• **What is expected**
Copy out the entries below exactly as they stand, but only from the line containing "WDDUG8CB9FA139724 2015 MERCEDES-BENZ S-CLASS" through the line containing "Axor Montreux Single".

Saved entries:

◇ ◇ ◇ ◇ ◇

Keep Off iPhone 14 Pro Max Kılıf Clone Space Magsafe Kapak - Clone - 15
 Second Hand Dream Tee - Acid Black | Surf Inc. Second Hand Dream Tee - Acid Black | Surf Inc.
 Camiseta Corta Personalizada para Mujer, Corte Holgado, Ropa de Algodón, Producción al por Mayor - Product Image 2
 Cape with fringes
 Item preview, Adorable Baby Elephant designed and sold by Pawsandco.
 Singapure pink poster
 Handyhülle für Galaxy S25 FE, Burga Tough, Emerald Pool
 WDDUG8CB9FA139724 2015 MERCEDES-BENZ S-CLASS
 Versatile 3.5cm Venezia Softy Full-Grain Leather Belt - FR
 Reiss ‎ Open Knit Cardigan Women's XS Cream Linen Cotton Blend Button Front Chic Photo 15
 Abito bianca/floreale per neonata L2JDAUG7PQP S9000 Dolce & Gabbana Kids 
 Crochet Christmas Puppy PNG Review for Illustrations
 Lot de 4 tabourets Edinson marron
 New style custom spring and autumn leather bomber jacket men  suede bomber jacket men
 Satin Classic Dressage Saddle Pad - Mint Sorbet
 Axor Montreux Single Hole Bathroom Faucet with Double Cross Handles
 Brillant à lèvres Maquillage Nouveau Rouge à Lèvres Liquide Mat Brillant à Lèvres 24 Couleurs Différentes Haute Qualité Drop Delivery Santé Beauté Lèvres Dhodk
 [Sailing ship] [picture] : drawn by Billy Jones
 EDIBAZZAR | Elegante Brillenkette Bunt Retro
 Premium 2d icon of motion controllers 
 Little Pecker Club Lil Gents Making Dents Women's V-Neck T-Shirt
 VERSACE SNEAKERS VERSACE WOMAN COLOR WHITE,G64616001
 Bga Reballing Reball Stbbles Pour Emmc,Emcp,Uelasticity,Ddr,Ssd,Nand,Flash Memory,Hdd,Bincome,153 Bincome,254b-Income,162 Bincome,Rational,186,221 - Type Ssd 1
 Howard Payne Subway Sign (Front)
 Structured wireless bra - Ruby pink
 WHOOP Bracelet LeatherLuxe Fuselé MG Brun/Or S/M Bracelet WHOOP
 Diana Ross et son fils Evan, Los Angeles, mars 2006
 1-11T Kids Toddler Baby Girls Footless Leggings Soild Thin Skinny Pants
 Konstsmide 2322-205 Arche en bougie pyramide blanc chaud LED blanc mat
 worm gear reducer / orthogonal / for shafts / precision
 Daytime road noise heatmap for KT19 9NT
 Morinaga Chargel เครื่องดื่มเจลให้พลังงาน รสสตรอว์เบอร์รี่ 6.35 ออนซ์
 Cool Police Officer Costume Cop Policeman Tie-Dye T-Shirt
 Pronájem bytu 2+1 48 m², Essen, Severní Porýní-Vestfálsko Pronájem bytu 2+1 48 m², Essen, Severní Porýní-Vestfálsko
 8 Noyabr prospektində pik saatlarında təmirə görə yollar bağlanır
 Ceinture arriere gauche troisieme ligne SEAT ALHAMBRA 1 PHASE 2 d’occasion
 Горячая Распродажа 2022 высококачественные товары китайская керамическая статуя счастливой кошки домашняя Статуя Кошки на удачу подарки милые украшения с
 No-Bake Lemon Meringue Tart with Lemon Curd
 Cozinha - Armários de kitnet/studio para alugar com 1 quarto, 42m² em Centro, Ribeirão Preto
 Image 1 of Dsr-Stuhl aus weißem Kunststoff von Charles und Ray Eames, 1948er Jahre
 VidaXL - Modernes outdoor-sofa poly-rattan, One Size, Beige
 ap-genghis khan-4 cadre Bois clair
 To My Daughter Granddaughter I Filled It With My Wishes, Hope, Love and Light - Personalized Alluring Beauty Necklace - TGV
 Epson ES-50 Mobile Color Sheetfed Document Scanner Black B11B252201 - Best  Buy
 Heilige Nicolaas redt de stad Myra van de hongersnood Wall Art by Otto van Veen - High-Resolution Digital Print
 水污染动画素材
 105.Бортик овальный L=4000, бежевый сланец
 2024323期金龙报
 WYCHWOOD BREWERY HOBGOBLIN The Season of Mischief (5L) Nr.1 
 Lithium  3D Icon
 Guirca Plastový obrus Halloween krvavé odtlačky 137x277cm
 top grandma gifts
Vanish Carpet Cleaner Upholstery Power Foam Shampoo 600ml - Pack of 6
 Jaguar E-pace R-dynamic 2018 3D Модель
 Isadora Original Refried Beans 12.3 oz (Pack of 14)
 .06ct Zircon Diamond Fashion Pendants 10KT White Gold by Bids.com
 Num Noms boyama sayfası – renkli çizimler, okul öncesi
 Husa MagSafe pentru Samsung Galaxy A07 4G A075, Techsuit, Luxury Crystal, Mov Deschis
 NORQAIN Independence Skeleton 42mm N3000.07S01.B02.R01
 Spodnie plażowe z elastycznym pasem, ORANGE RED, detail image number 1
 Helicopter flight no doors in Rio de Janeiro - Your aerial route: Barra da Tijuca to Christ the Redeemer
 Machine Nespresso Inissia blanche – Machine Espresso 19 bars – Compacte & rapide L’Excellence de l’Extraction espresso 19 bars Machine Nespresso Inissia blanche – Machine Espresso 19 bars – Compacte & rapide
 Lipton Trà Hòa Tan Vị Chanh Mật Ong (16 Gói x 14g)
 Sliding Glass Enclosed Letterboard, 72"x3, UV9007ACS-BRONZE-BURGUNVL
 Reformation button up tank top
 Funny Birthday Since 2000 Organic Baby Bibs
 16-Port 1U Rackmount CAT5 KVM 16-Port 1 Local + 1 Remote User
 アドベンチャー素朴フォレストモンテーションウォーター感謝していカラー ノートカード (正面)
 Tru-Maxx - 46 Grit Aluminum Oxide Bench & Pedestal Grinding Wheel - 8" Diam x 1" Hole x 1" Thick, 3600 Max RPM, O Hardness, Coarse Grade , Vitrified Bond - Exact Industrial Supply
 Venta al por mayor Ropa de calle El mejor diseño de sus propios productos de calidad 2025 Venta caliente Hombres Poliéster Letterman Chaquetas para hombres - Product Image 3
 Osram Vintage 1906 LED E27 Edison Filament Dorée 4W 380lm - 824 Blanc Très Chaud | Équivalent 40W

◇ ◇ ◇ ◇ ◇

• **Solution for this exercise**
 WDDUG8CB9FA139724 2015 MERCEDES-BENZ S-CLASS
 Versatile 3.5cm Venezia Softy Full-Grain Leather Belt - FR
 Reiss ‎ Open Knit Cardigan Women's XS Cream Linen Cotton Blend Button Front Chic Photo 15
 Abito bianca/floreale per neonata L2JDAUG7PQP S9000 Dolce & Gabbana Kids 
 Crochet Christmas Puppy PNG Review for Illustrations
 Lot de 4 tabourets Edinson marron
 New style custom spring and autumn leather bomber jacket men  suede bomber jacket men
 Satin Classic Dressage Saddle Pad - Mint Sorbet
 Axor Montreux Single Hole Bathroom Faucet with Double Cross Handles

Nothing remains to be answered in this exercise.